GROUP BY groups rows by column values
Although it's fun to summarise, it'd be a lot more fun if we could do it in different groups.
This is (of course) a job for group by:
(
reformatted
%>% filter( !is.na( life_expectancy ))
%>% group_by( year ) # <- this is the only new operation!
%>% summarise(
min_life_expectancy = min( life_expectancy ),
average_life_expectancy = mean( life_expectancy ),
max_life_expectancy = max( life_expectancy ),
number_of_rows = n()
)
)
Cool! Let's plot it:
(
reformatted
%>% filter( !is.na( life_expectancy ))
%>% group_by( year )
%>% summarise(
min_life_expectancy = min( life_expectancy ),
average_life_expectancy = mean( life_expectancy ),
max_life_expectancy = max( life_expectancy ),
number_of_rows = n()
) %>% ggplot()
+ geom_line( aes( x = year, y = average_life_expectancy ), linewidth = 2)
+ geom_line( aes( x = year, y = min_life_expectancy ), linetype = 2, linewidth = 2 )
+ geom_line( aes( x = year, y = max_life_expectancy ), linetype = 2, linewidth = 2 )
+ theme_minimal()
+ ylab( "Life expectancy" )
)
This combination of group by and summarise is very powerful.
Easy question: can you compute average (or median) life expectancy per country - averaging over years?

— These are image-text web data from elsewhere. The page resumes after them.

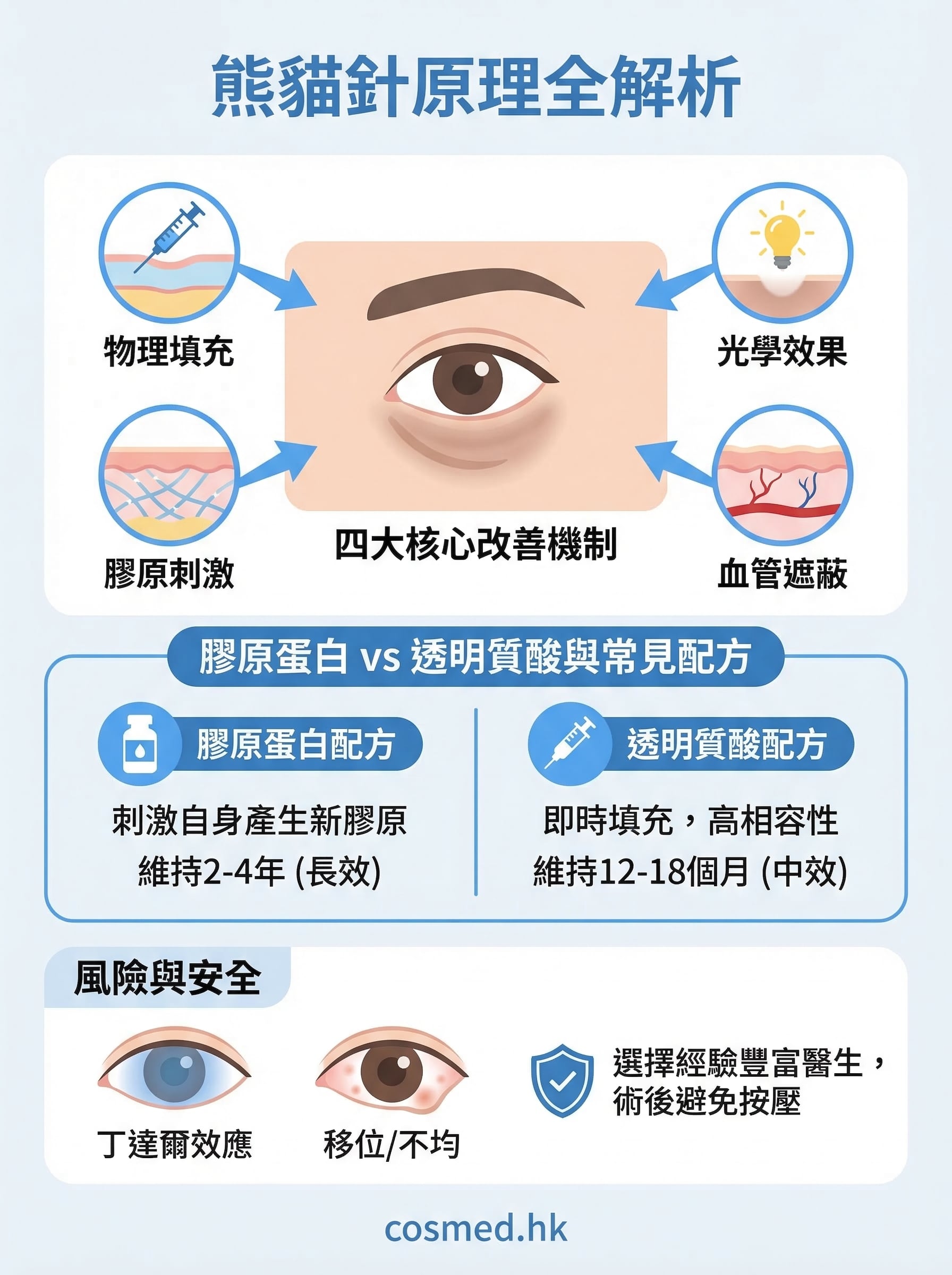 熊貓針原理 infographic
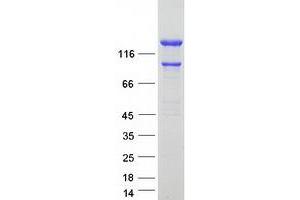 Validation with Western Blot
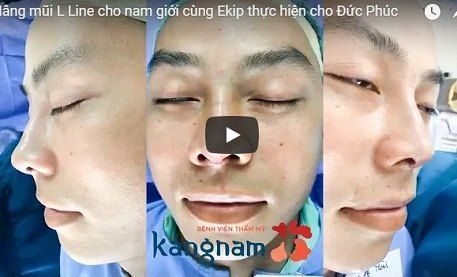Nâng mũi L-Line cho nam – Mũi đẹp chuẩn men – Cận cảnh kết quả - Thẩm mỹ Kangnam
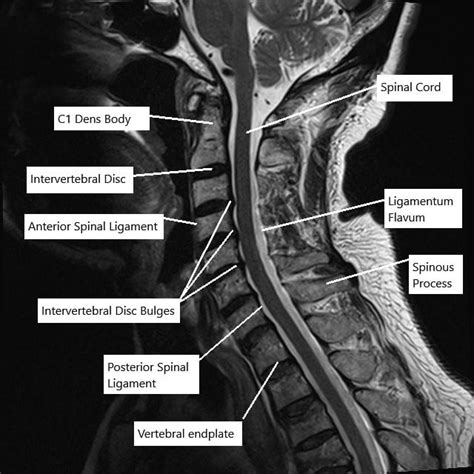 Mri Cervical Spine Lumbar Spine Mri Scan Images Spinal Stenosis ...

Harder question: you can also group by two things at once. Can you repeat the plot above but with different colours for developed and developing countries?
Hints.
You can use
group_by( year, status )
to group the data by both year and status.You'll also have to add the status variable into the
ggplot()
command. They go inside thoseaes()
commands, which are the 'aesthetic mappings' or 'channels' linking data variables to plot components.